[Opening DATA FOR REVIEW section]

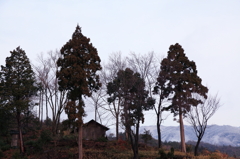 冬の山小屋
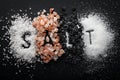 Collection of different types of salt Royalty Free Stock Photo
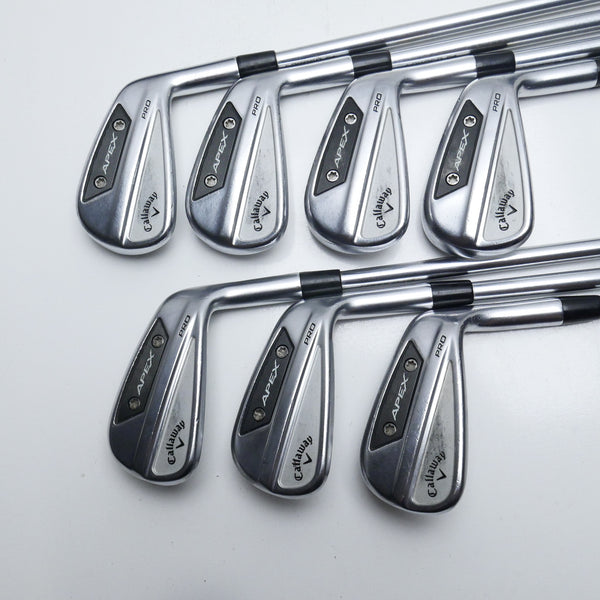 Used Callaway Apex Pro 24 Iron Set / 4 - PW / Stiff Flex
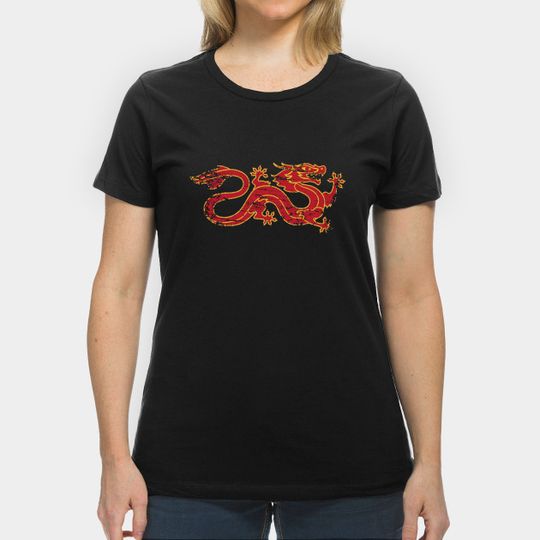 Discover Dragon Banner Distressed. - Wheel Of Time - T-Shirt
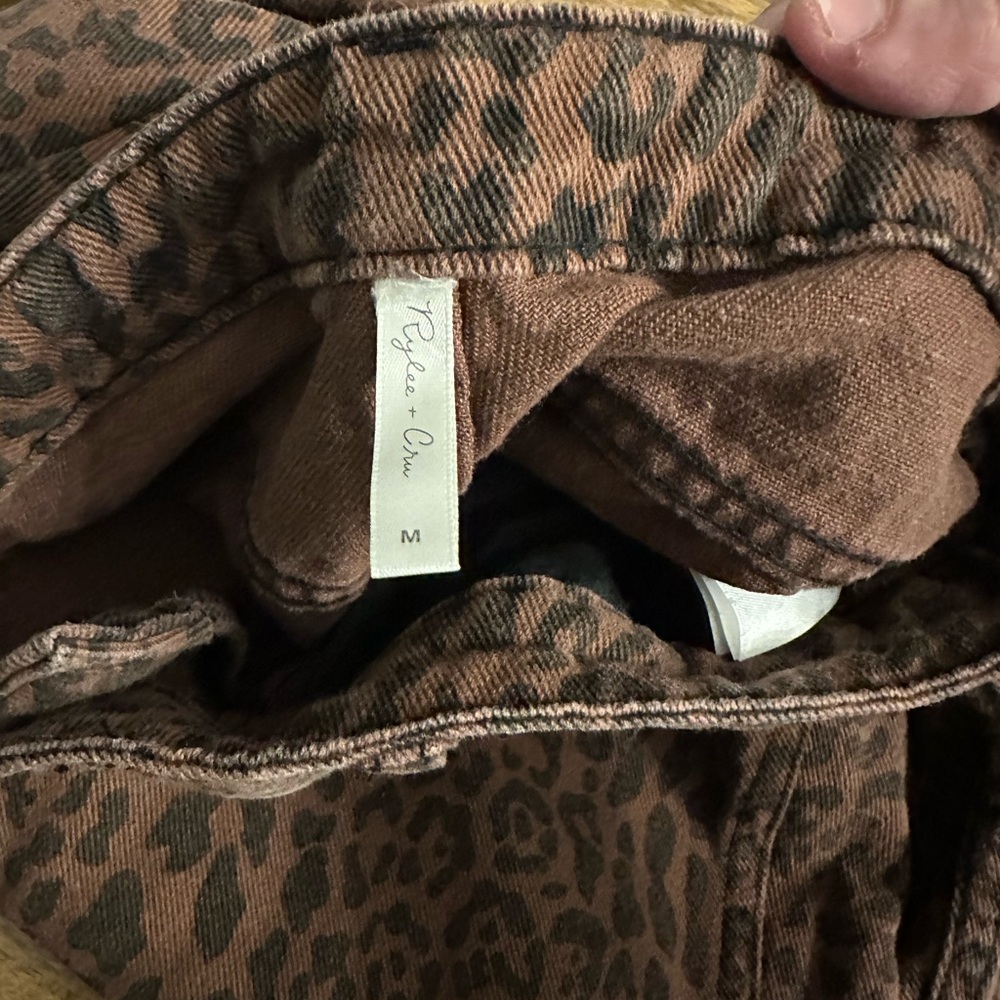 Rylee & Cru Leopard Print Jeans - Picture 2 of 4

[Closing DATA FOR REVIEW section]

## WHAT YOU WILL DO
Your copy should match the listing exactly, apart from the pictures it leaves out.

## RESULT OF THIS EXERCISE
 冬の山小屋
 Collection of different types of salt Royalty Free Stock Photo
 Used Callaway Apex Pro 24 Iron Set / 4 - PW / Stiff Flex
 Discover Dragon Banner Distressed. - Wheel Of Time - T-Shirt
 Rylee & Cru Leopard Print Jeans - Picture 2 of 4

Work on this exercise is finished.